Grief and Awe Can Coexist
I want to say this clearly: you don’t need to feel happy to feel awe. You don’t need to “get over” anything. You don’t need to fix your mood or fake gratitude. In fact, some of the most powerful moments of awe in my life have happened in the middle of heartbreak — like last week, standing in Central Park, thinking of my brother, breathing in the scent of autumn, and letting the tears fall anyway. Awe is allowed in grief. Wonder is allowed in anger. Beauty is allowed in the midst of brokenness. You don’t need permission to feel both.
Final Reflection
So here’s the question I’m holding — and maybe you are too:
Where in your life are you being invited to pause in wonder?

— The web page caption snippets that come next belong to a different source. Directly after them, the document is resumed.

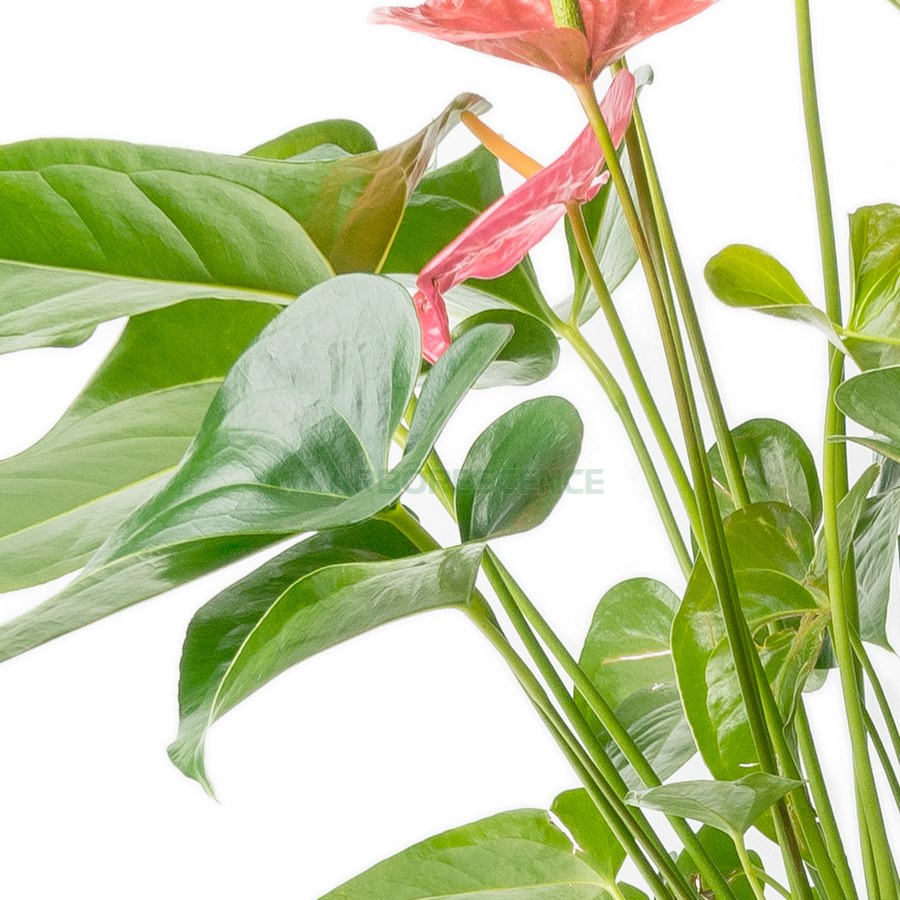 anthurium-mix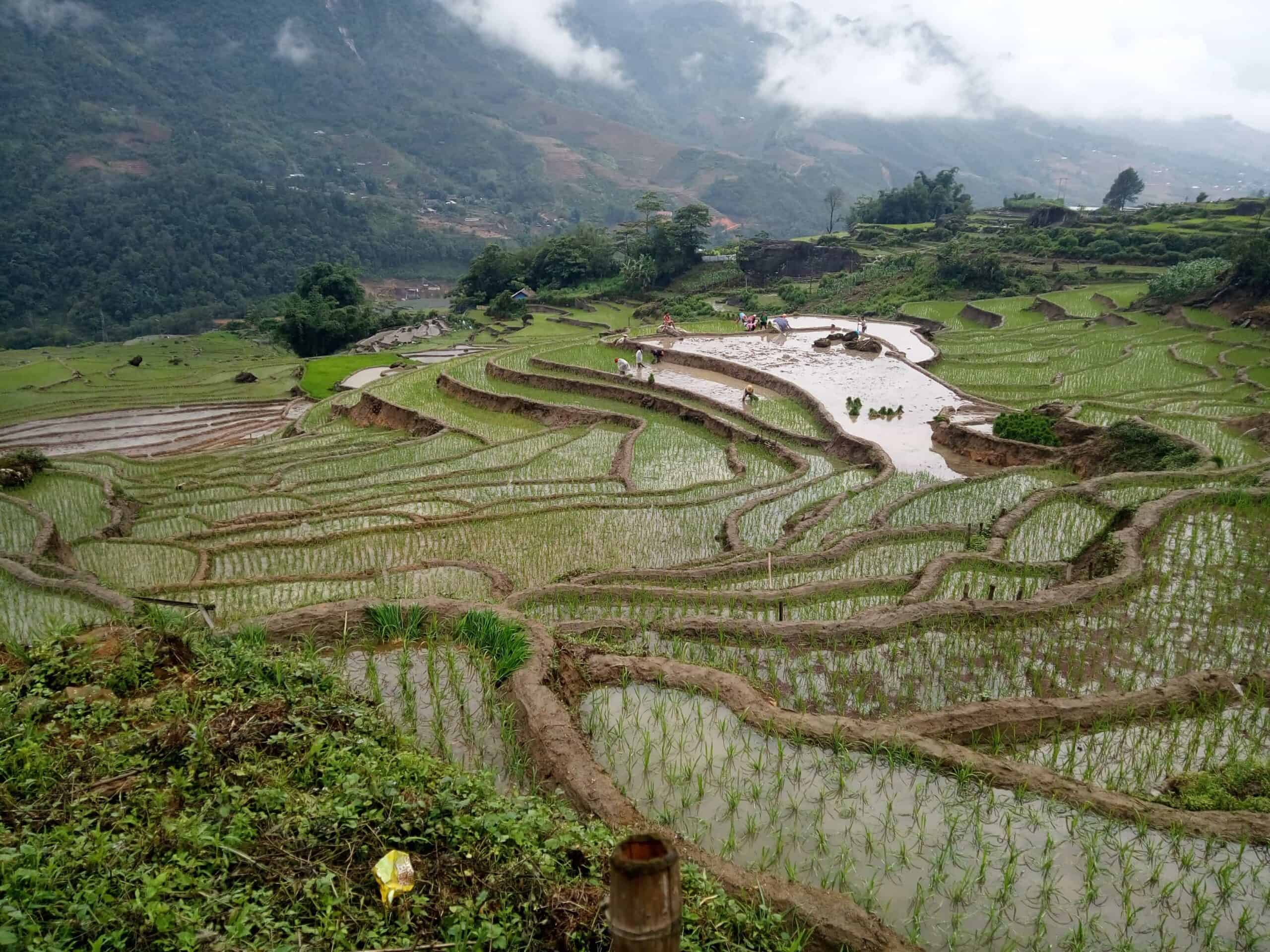 Rice paddies in Sapa, one of the best places to visit in Northern Vietnam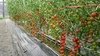 カラフル トマト１kg+ドライトマト25g　農家自家製　トマトの詰め合わせセット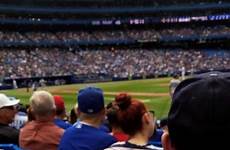 hot dogs ballpark day game jays delivered opening blue authentic get hive dog daily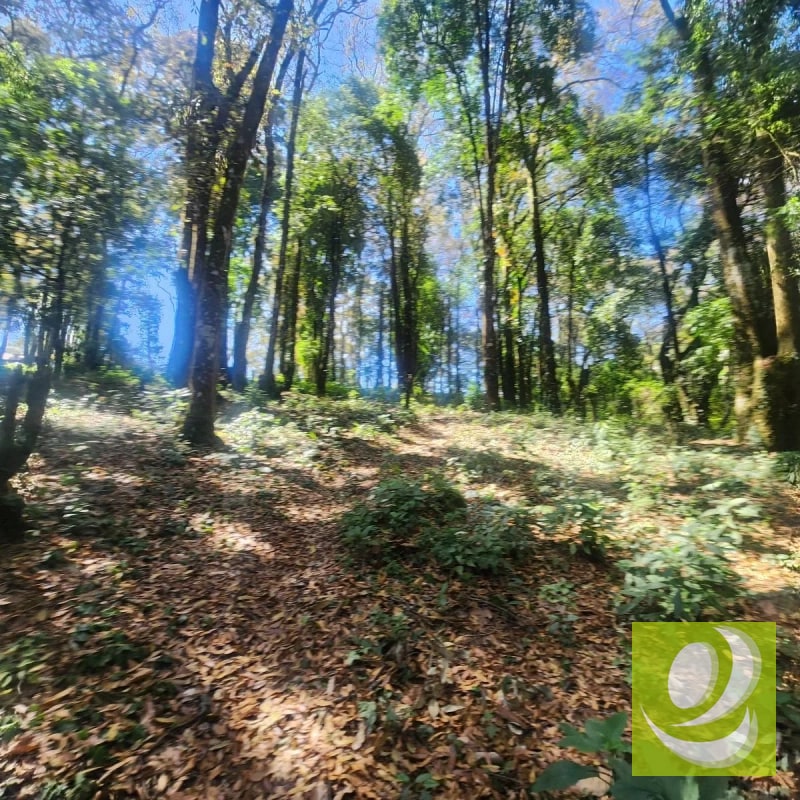VENDO TERRENO RESIDENCIAL EN BOSQUE VIVO MIXCO - 4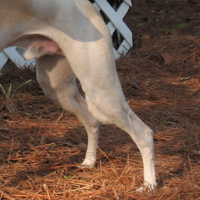 惠比特犬的后腿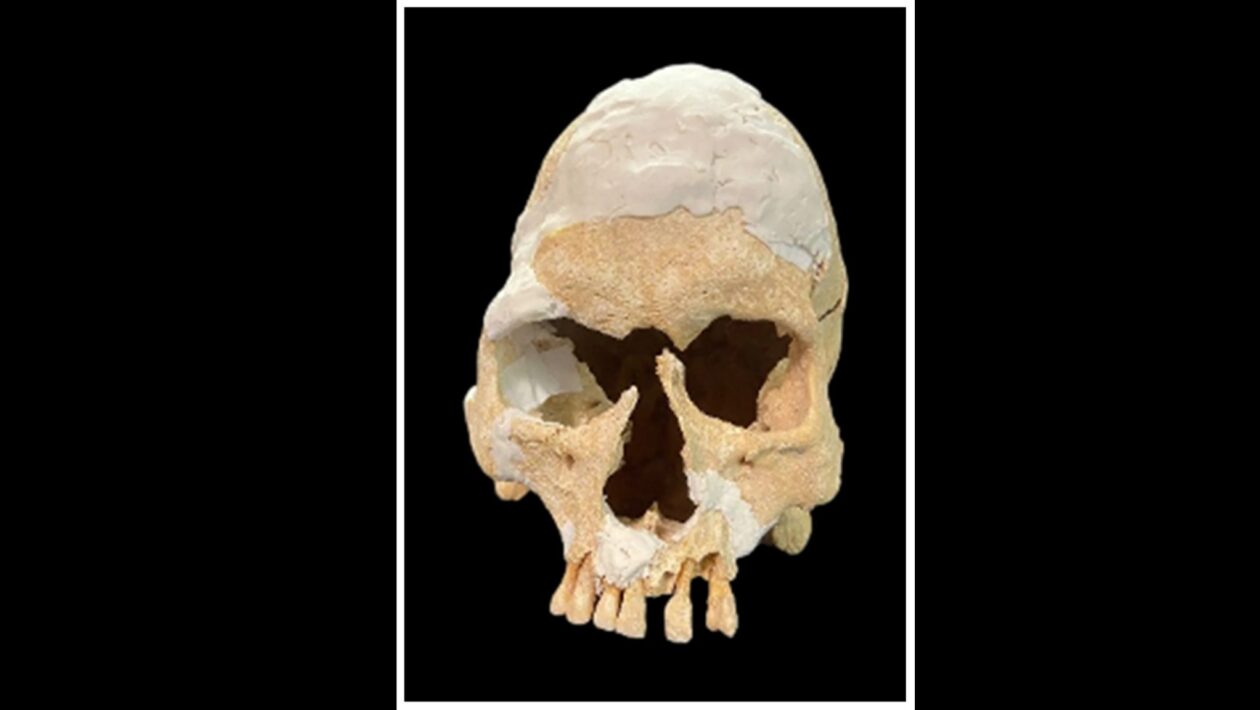 Crânio de T4.2 exibido em vista frontal reconstruída (Imagem: Rissech et al, Heritage (2025), CC BY 4.0)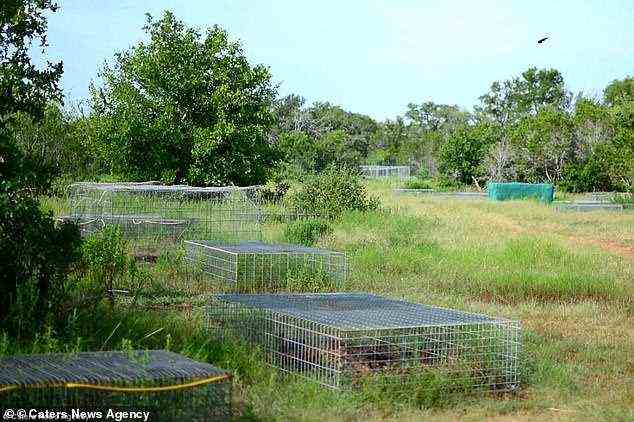 A body farm in the UK would have to be a secure site to prevent predation from animals and keep out the public. Pictured, cages around the Texas State University facility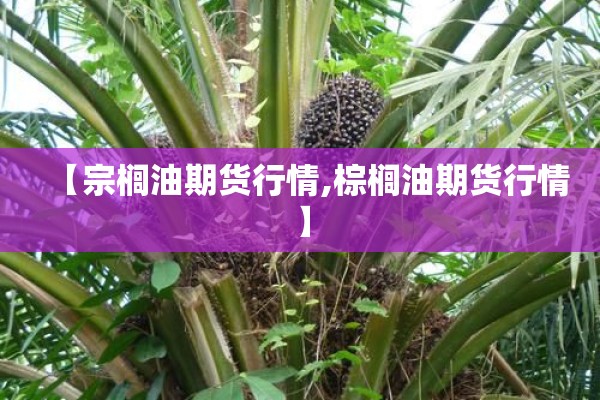 【宗榈油期货行情,棕榈油期货行情】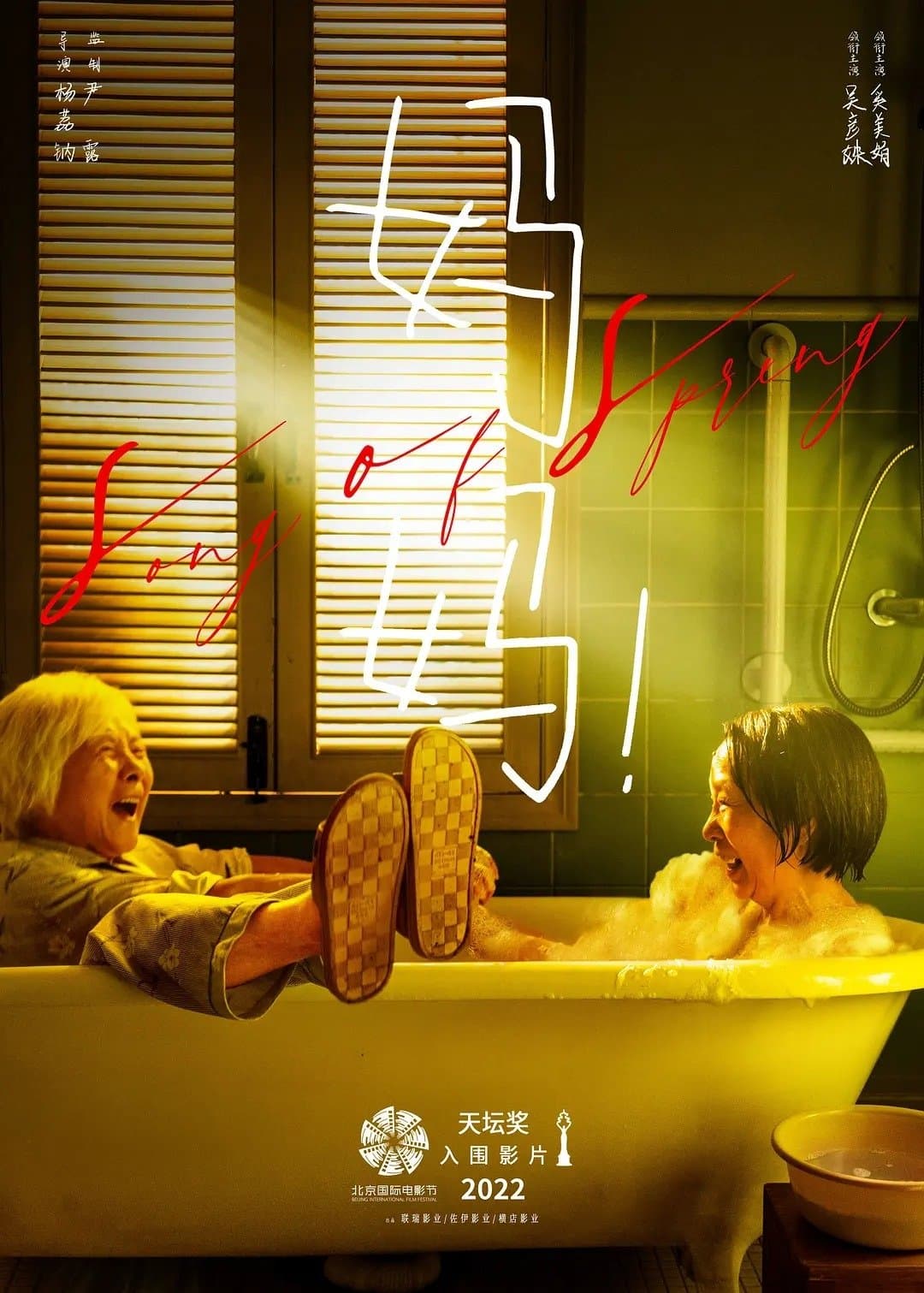 Poster Song of Spring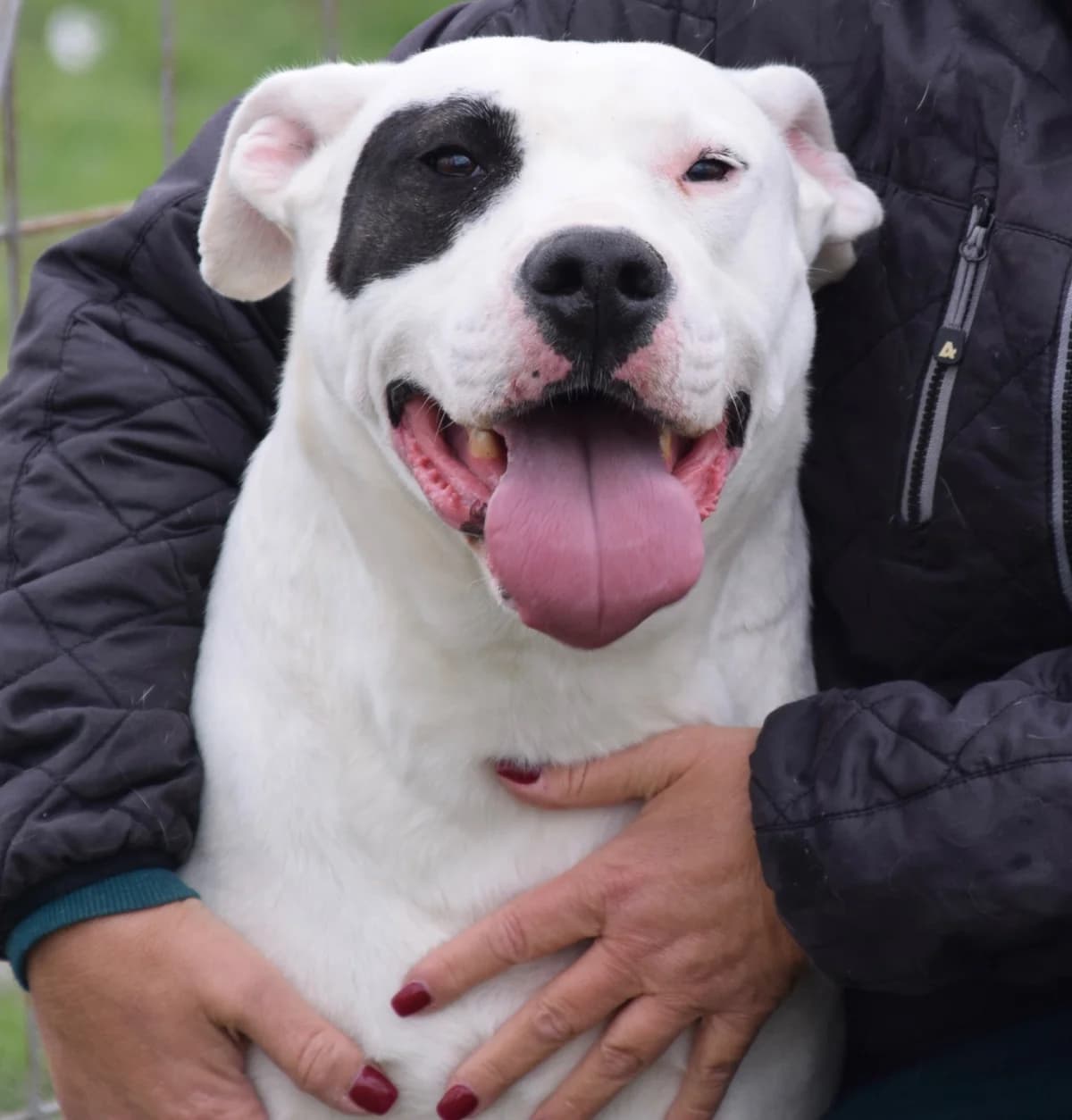 Hero, male Mixed Breed for adoption at Rolda Sverige, Södertälje (foster network)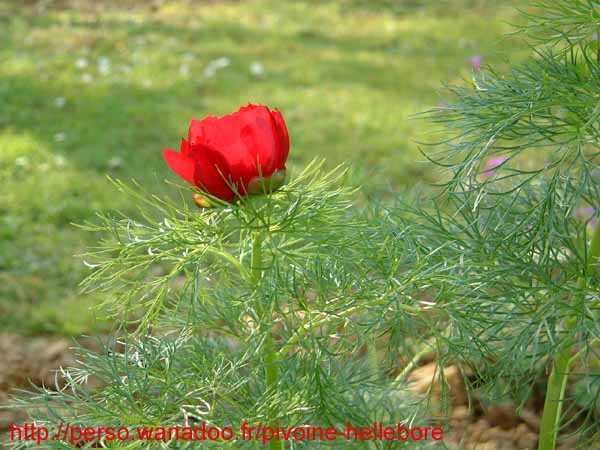 tenuifolia_kl07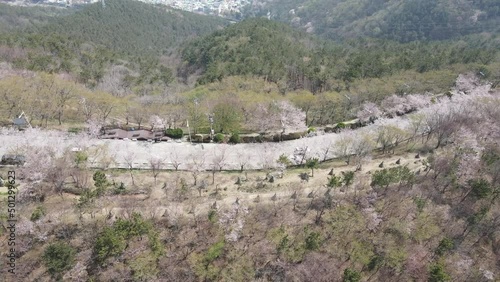 Korea_Busan_Amnam Park with Cherry Blossom  photo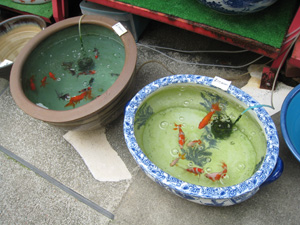 20120430_2528.jpg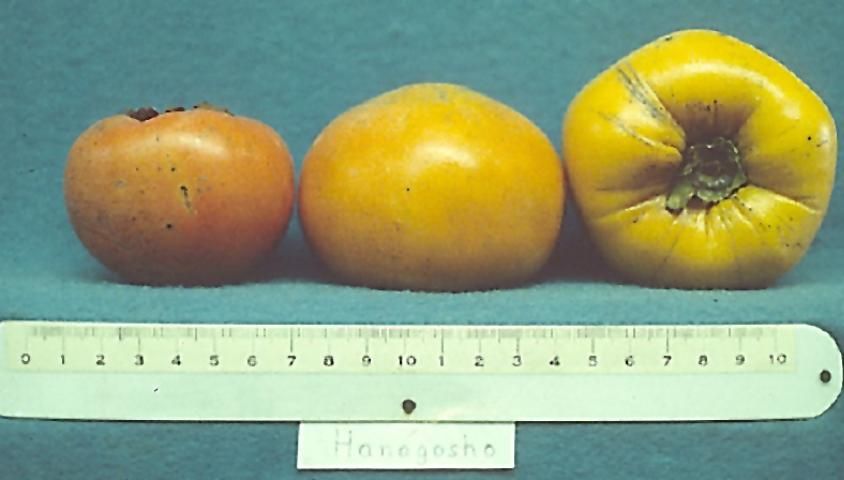 Figure 13. Cultivar 'Hanagosho'.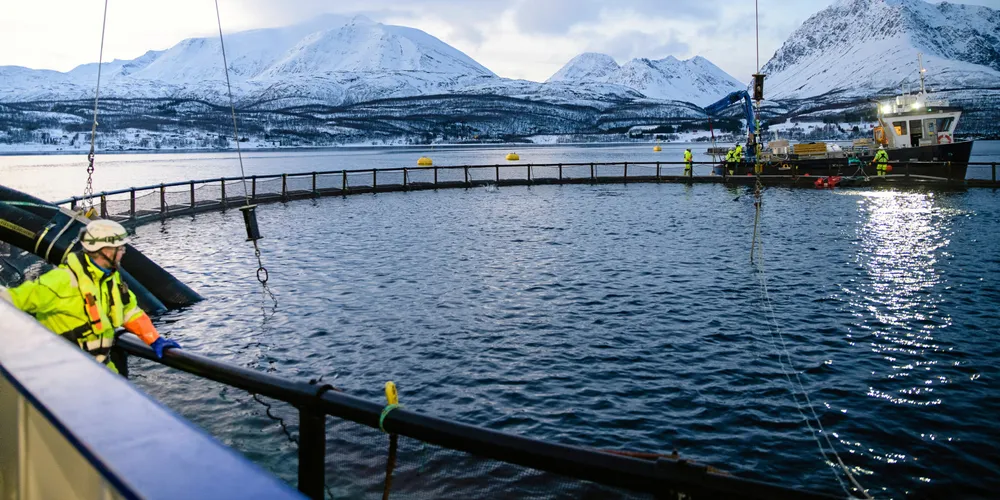 Bilde fra oppdrettsanlegget Lerøy Årøya i Lyngenfjorden. Illustrasjonsfoto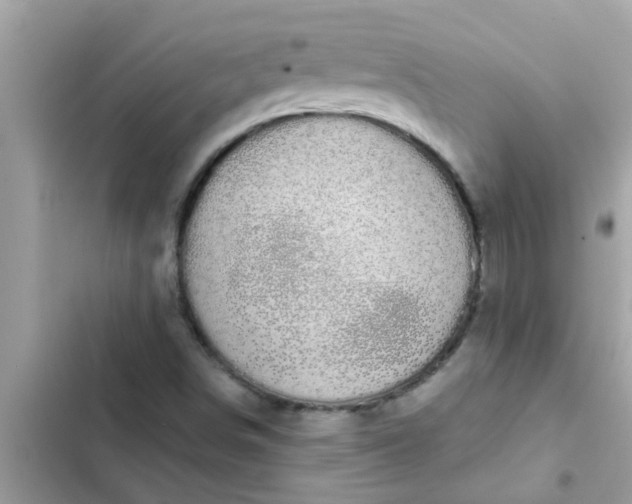 X0000102411498200808151953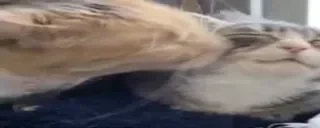 AlrightLickW emote for Discord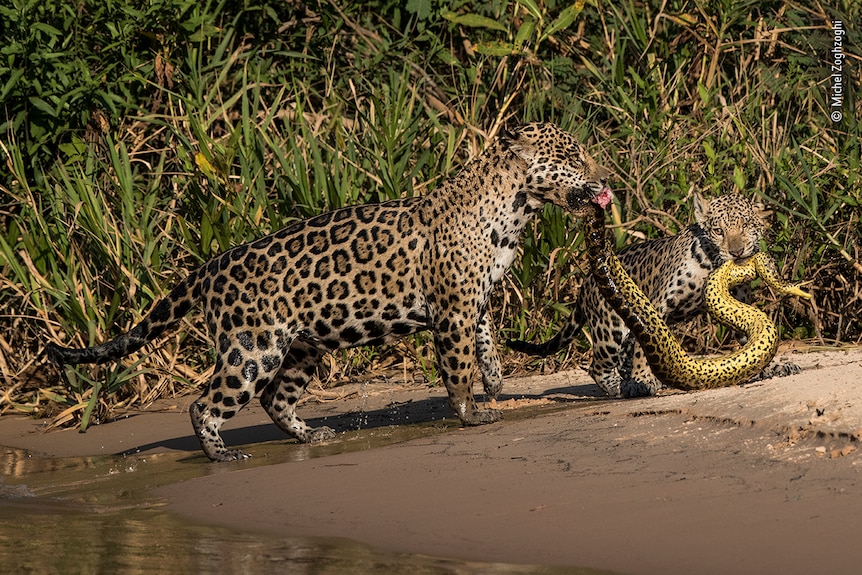 A jaguar with her cub holding an anaconda in their mouths.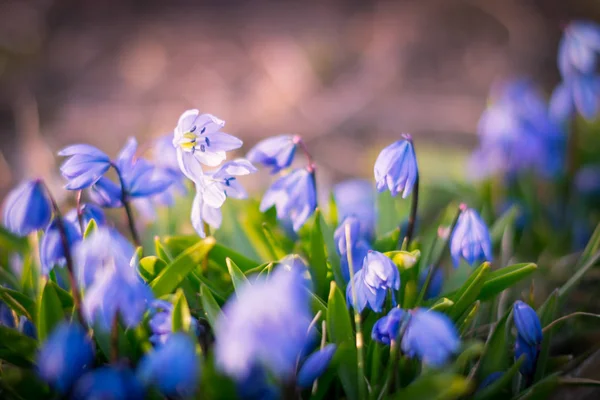 Achtergrond van de bloeiende lente bloemen Scilla. — Stockfoto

It might be right outside your window. It might be in your child’s voice. It might be in the way your dog greets you every single time like it’s the best moment of their life. You don’t have to chase awe. You just have to notice it. And when you do — when you let wonder soften the sharp edges — something inside you might say:
I remember this.
I belong here.
Even now, beauty is still possible.
What I’m Loving This Week – Awe and Wonder Edition
- Sound: “Wind in Trees” by Niall from the Insight Timer app. A subtle, layered ambient track featuring gentle wind, rustling leaves, and distant bird calls — ideal for reflecting on wonder, nature, and memory. cosmic vibe.
- Practice: Wonder-Walk. Instead of a destination walk, take a curiosity walk. Set out with no agenda other than to notice what surprises you — a tiny mushroom, shifting light through branches, a pattern on a wall. Whisper “wow” whenever something grabs you. You don’t need a forest for this — a block around the neighborhood will do.
- Tool: The Sky Guide App: This app lets you point your phone at the night sky to identify stars, planets, and constellations in real time. I used it on a recent night walk and felt that familiar “awe-tug” — the reminder that I am tiny and connected to something vast.
- Quote: “Instructions for living a life: Pay attention. Be astonished. Tell about it.”
— Mary Oliver - Song: “Wish You Were Here” – Incubus
This song captures the bittersweet beauty of being present — of holding both joy and longing in the same breath. It’s been especially resonant for me this week as I sit with the duality of grief and gratitude. Somehow, it helps me feel more alive.